Source information:
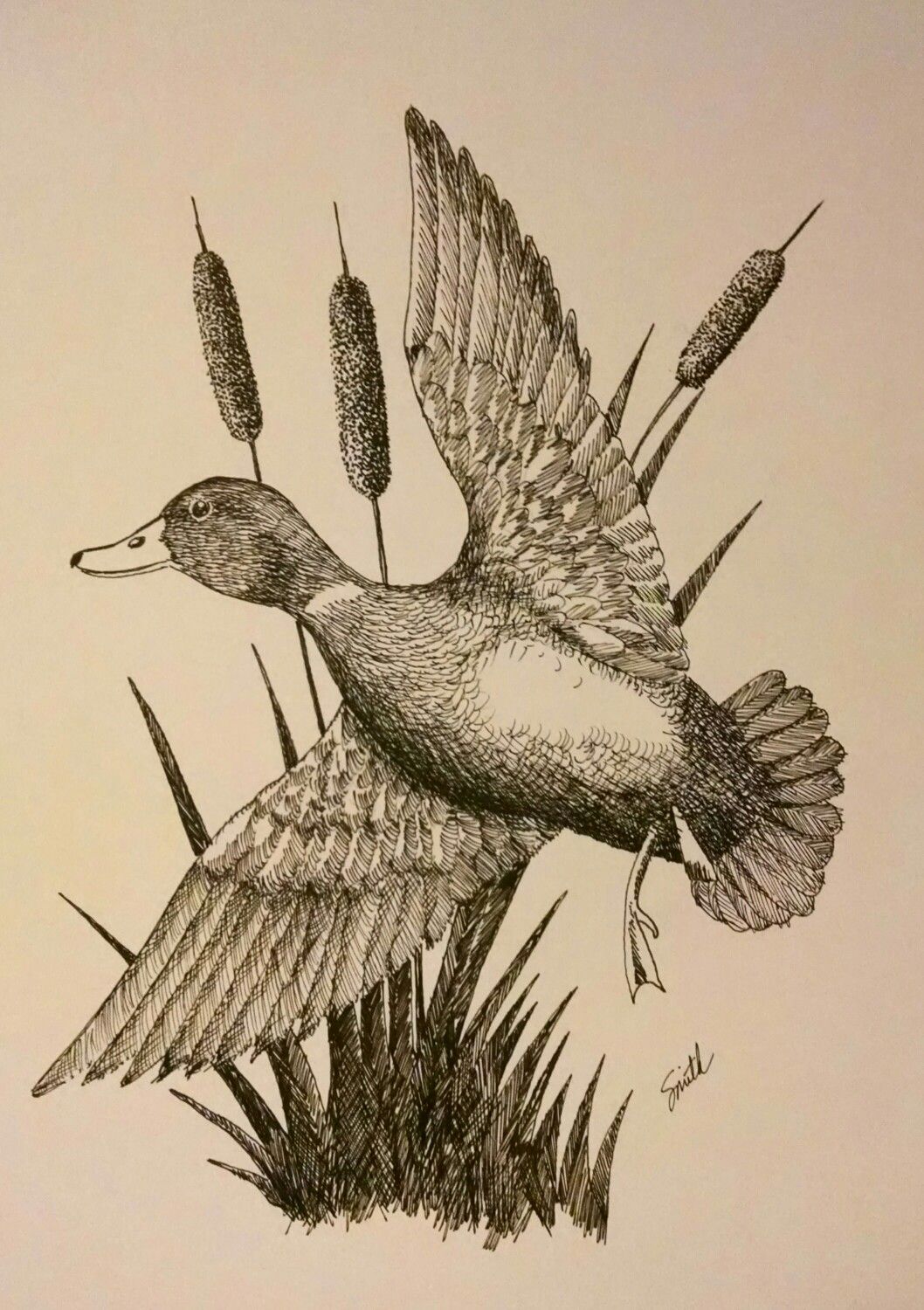Drake Mallard Duck illustration in pen & ink. Hunting Drawings, Bird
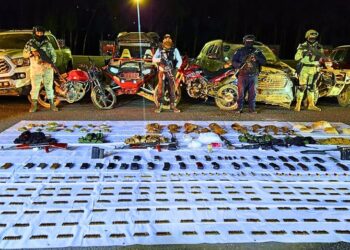 FGEGuerrero, Defensa, GN, SSyPC y SSPGro, aseguran armas, drogas y vehículos en operativo interinstitucional en la region centro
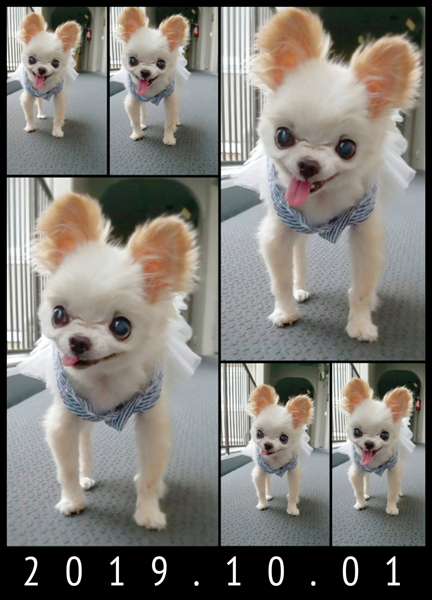 Kazuko Ogawa �S�X���� �S�V�b�N �����[�^ �f�U�C�i�[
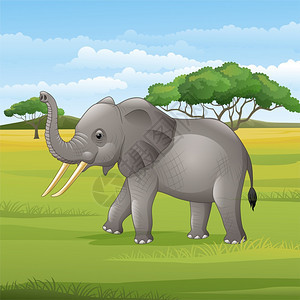 卡通大象站在热带草原上图片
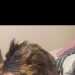 Tequila's profile picture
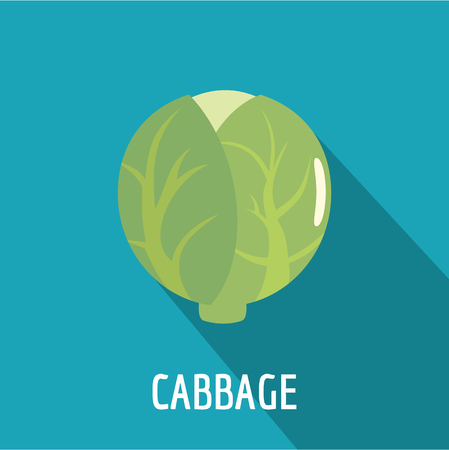 Cabbage icon, flat style.の写真素材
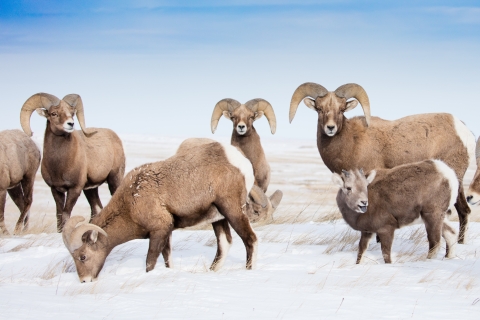 Jackson: Grand Teton, Bighorn Sheep en Petroglyphs Tour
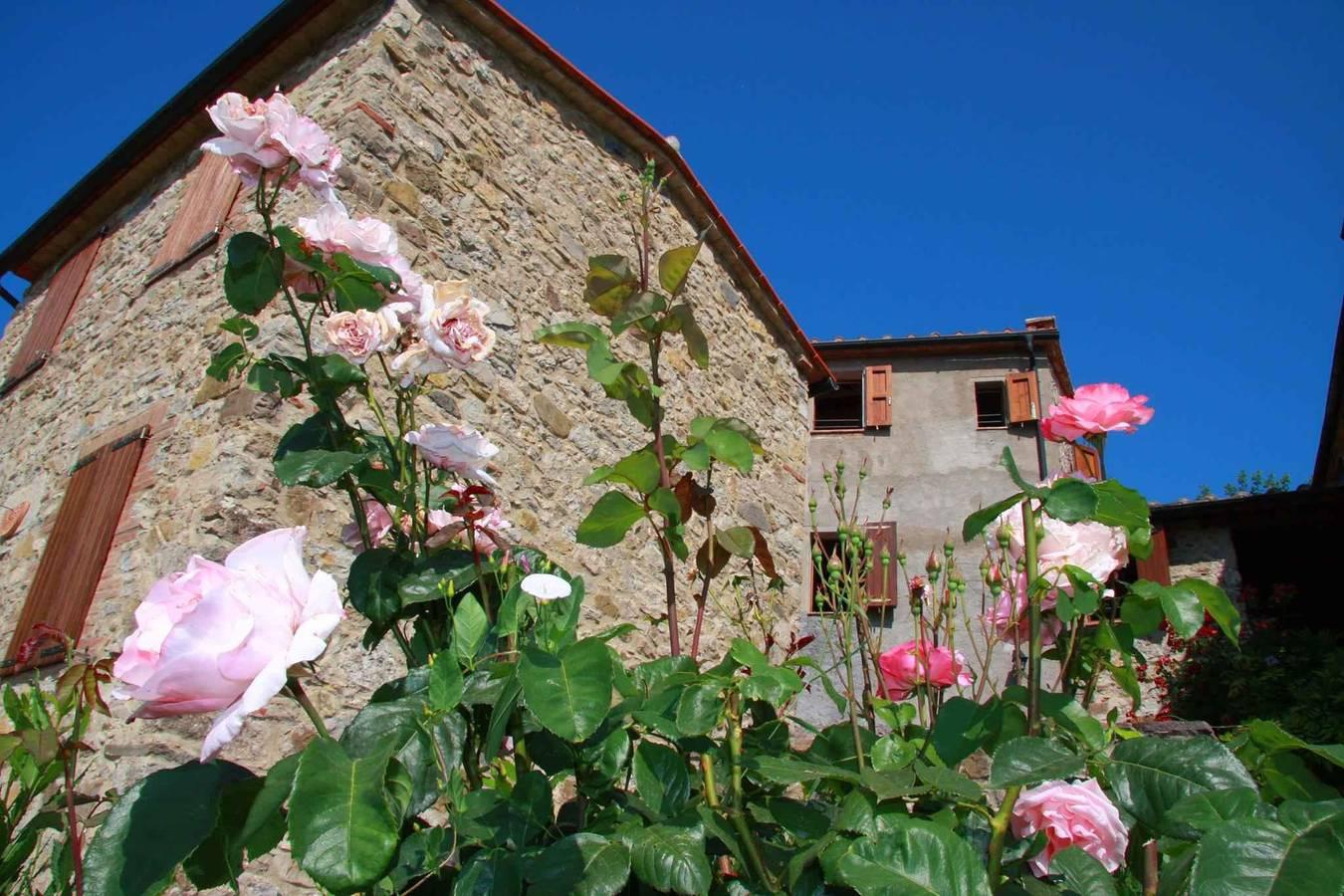 Vakantieappartement in Maremma, Italië voor 5 personen foto 3
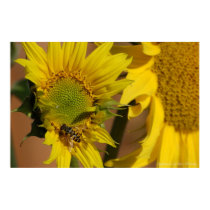 Sunflowers and Hoverfly Poster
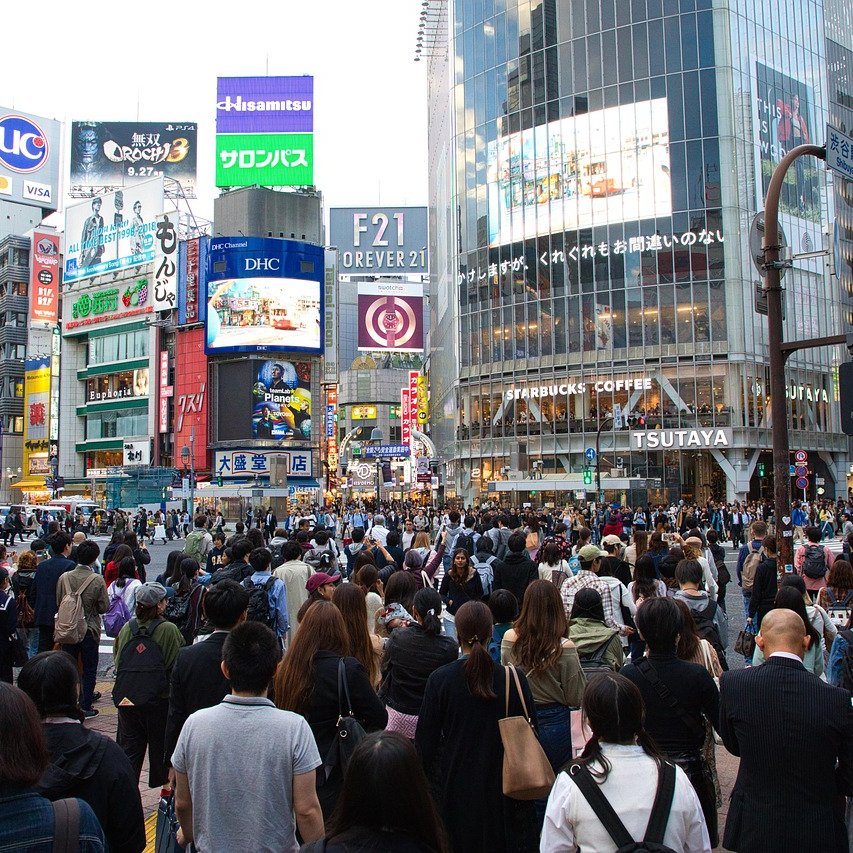 GlobalStatsX tweet media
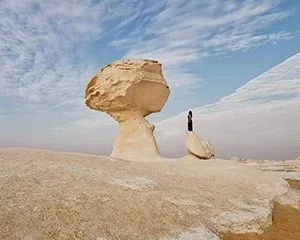 2-Day White Desert, Bahariya Oasis & Fayoum Adventure from Cairo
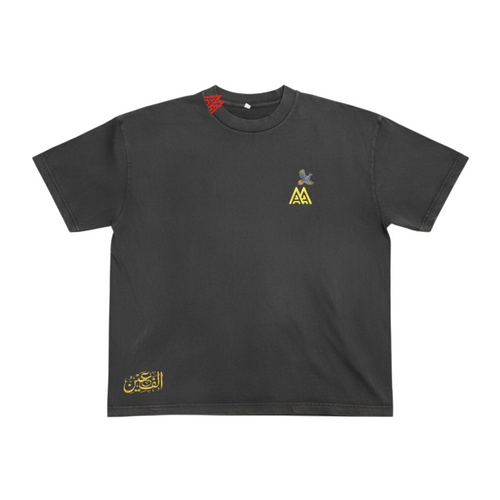AlifAin Roots stone wash tee, front view
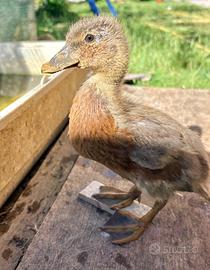 Anatre mignon / call ducks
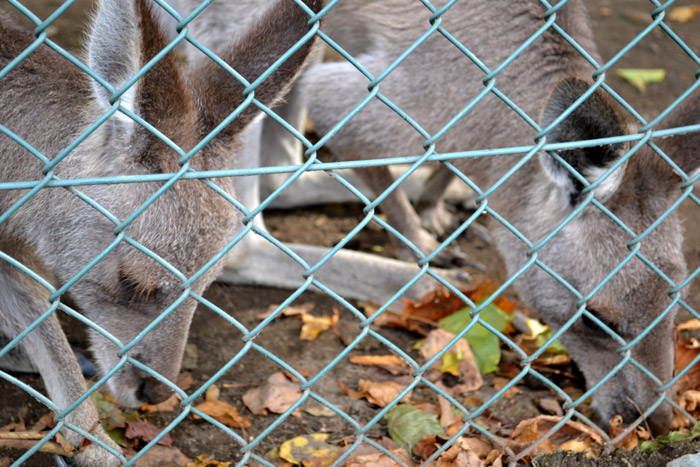 動物園に行ってきました～その1～_e0037129_2113295.jpg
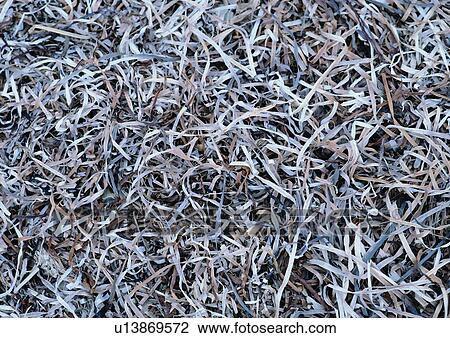 Stock Image - Ideas, Special Backgrounds, Cluster, Full Frame, Background, Directly Above. Fotosearch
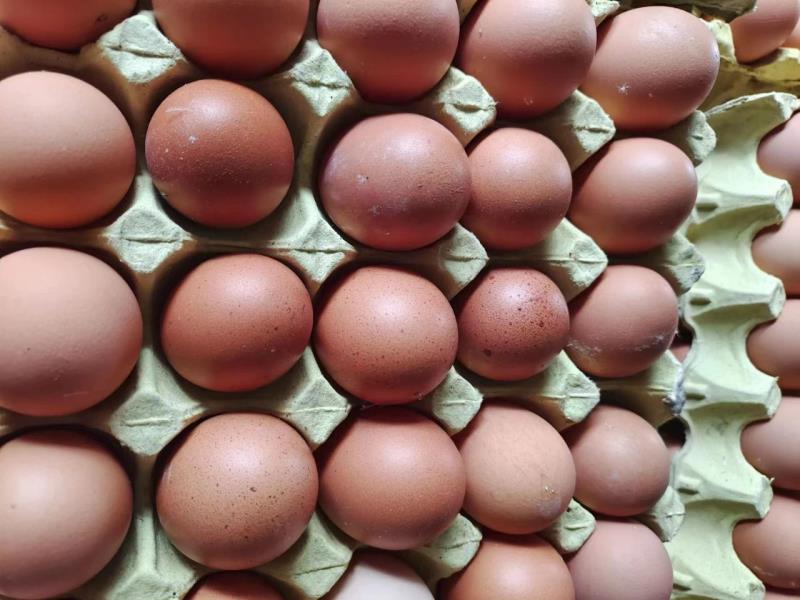 海兰褐蛋鸡300天出现雀斑蛋的原因与解决方案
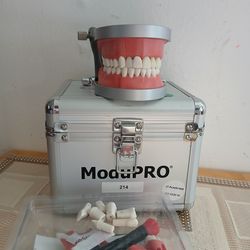 ModuPRO Acadental  Exam/Practice Kit, MP R220 AE w/ Replacement Teeth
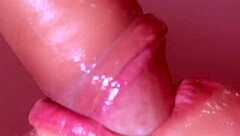 oh man this korean love story kicks off with a wild first lesson in close up blowjob action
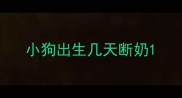 小狗出生几天断奶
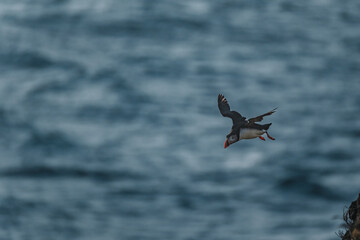 Atlantic puffin gliding over the ocean at Latrabjarg cliffs, Iceland...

What you should do:
Make an exact copy of the records above, one that has none of the pictures.

Task answer:
Drake Mallard Duck illustration in pen & ink. Hunting Drawings, Bird
 FGEGuerrero, Defensa, GN, SSyPC y SSPGro, aseguran armas, drogas y vehículos en operativo interinstitucional en la region centro
 Kazuko Ogawa �S�X���� �S�V�b�N �����[�^ �f�U�C�i�[
 卡通大象站在热带草原上图片
 Tequila's profile picture
 Cabbage icon, flat style.の写真素材
 Jackson: Grand Teton, Bighorn Sheep en Petroglyphs Tour
 Vakantieappartement in Maremma, Italië voor 5 personen foto 3
 Sunflowers and Hoverfly Poster
 GlobalStatsX tweet media
 2-Day White Desert, Bahariya Oasis & Fayoum Adventure from Cairo
AlifAin Roots stone wash tee, front view
 Anatre mignon / call ducks
 動物園に行ってきました～その1～_e0037129_2113295.jpg
 Stock Image - Ideas, Special Backgrounds, Cluster, Full Frame, Background, Directly Above. Fotosearch
 海兰褐蛋鸡300天出现雀斑蛋的原因与解决方案
 ModuPRO Acadental  Exam/Practice Kit, MP R220 AE w/ Replacement Teeth
 oh man this korean love story kicks off with a wild first lesson in close up blowjob action
 小狗出生几天断奶
 Atlantic puffin gliding over the ocean at Latrabjarg cliffs, Iceland...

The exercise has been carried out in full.